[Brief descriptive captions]

-- -- --

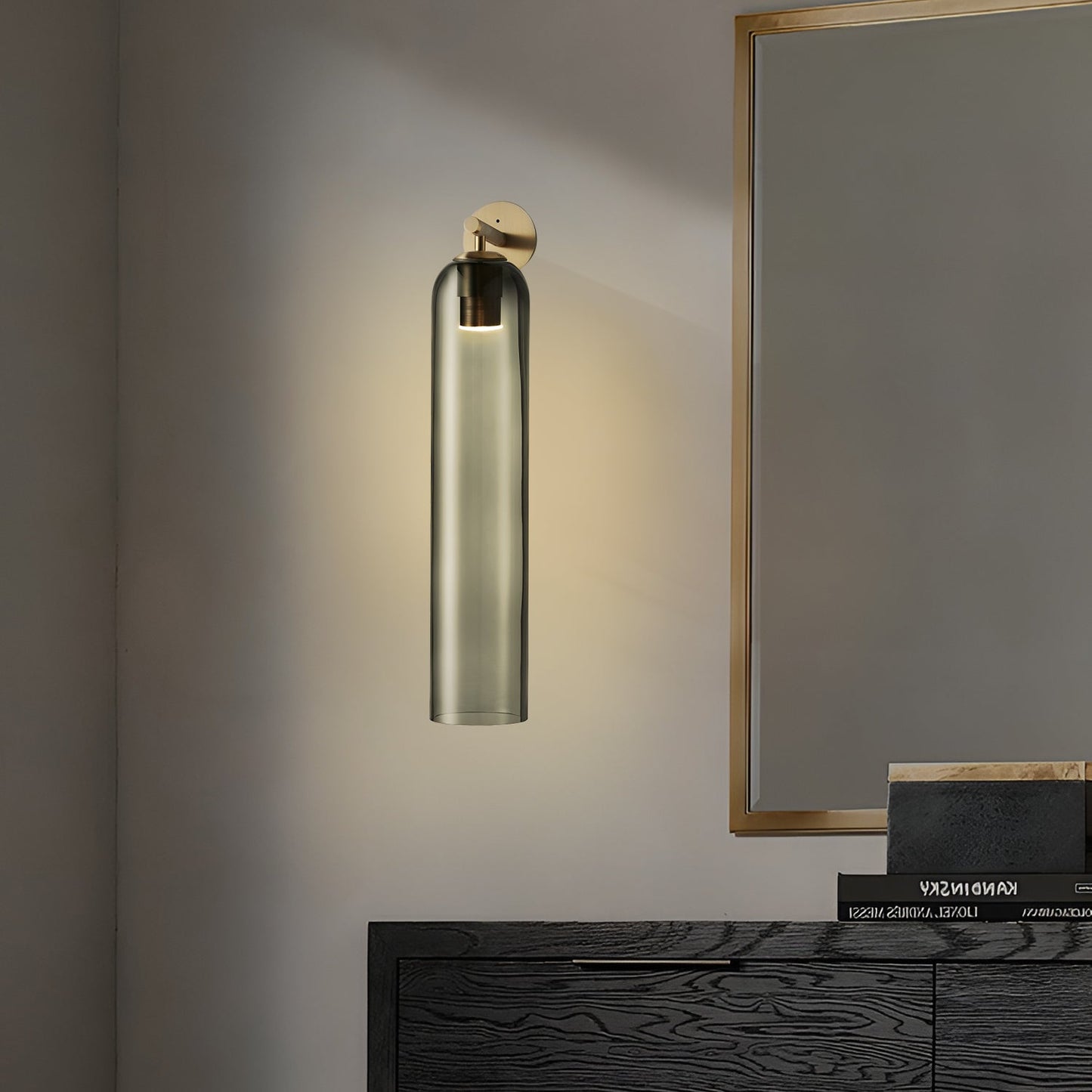 Brass Blown Glass Sconce — Modern Minimalist Accent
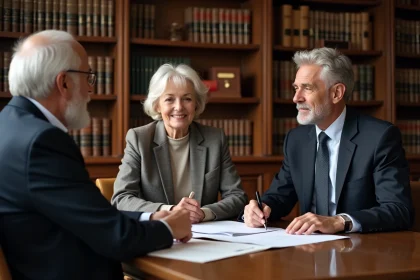 Couple de seniors signant un contrat viager chez un notaire en France, frais de notaire expliqués
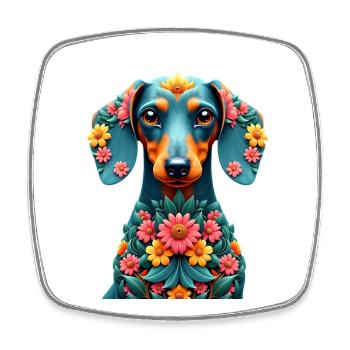 Dackel Dachshund Tekel - Viereckiger Kühlschrankmagnet - Weiß - Vorne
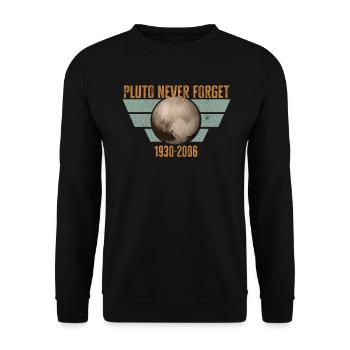 Never Forget Pluto Design Retro Style Funny Space - Unisex Pullover - Schwarz - Vorne - Alina (178cm) & Michal (187cm)
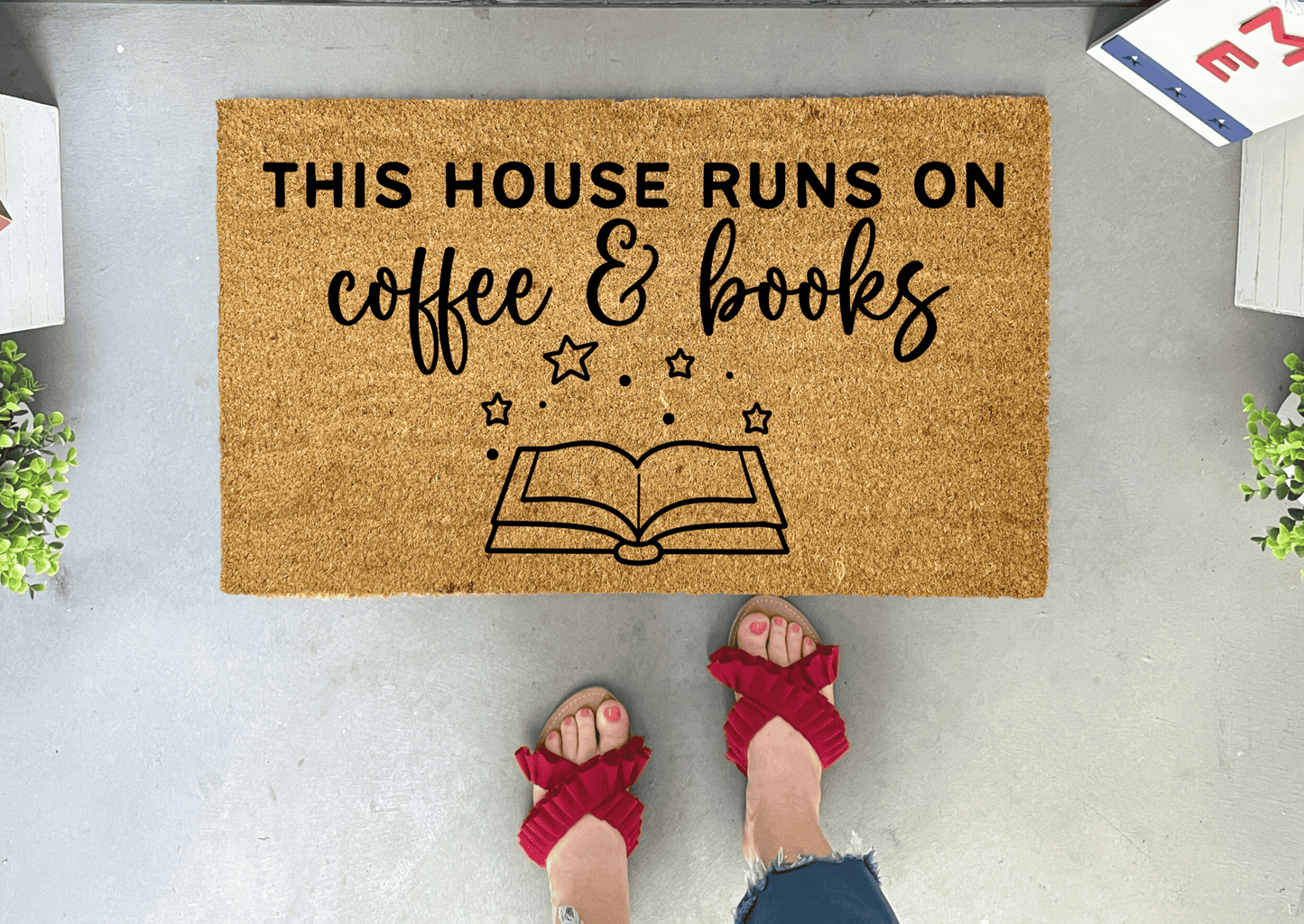 This House Runs on Coffee and Books Coir Doormat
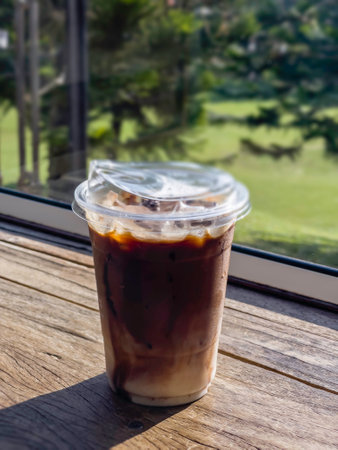 Iced drink in plastic container, stock photo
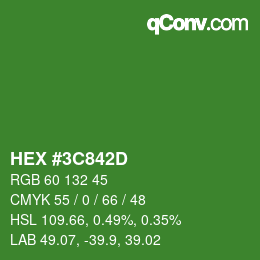 Color code: HEX #3C842D | qconv.com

-- -- --

_PROBLEM DESCRIPTION_
Restate every line above exactly, omitting images.

_TASK ANSWER_
 Brass Blown Glass Sconce — Modern Minimalist Accent
 Couple de seniors signant un contrat viager chez un notaire en France, frais de notaire expliqués
 Dackel Dachshund Tekel - Viereckiger Kühlschrankmagnet - Weiß - Vorne
 Never Forget Pluto Design Retro Style Funny Space - Unisex Pullover - Schwarz - Vorne - Alina (178cm) & Michal (187cm)
 This House Runs on Coffee and Books Coir Doormat
 Iced drink in plastic container, stock photo
 Color code: HEX #3C842D | qconv.com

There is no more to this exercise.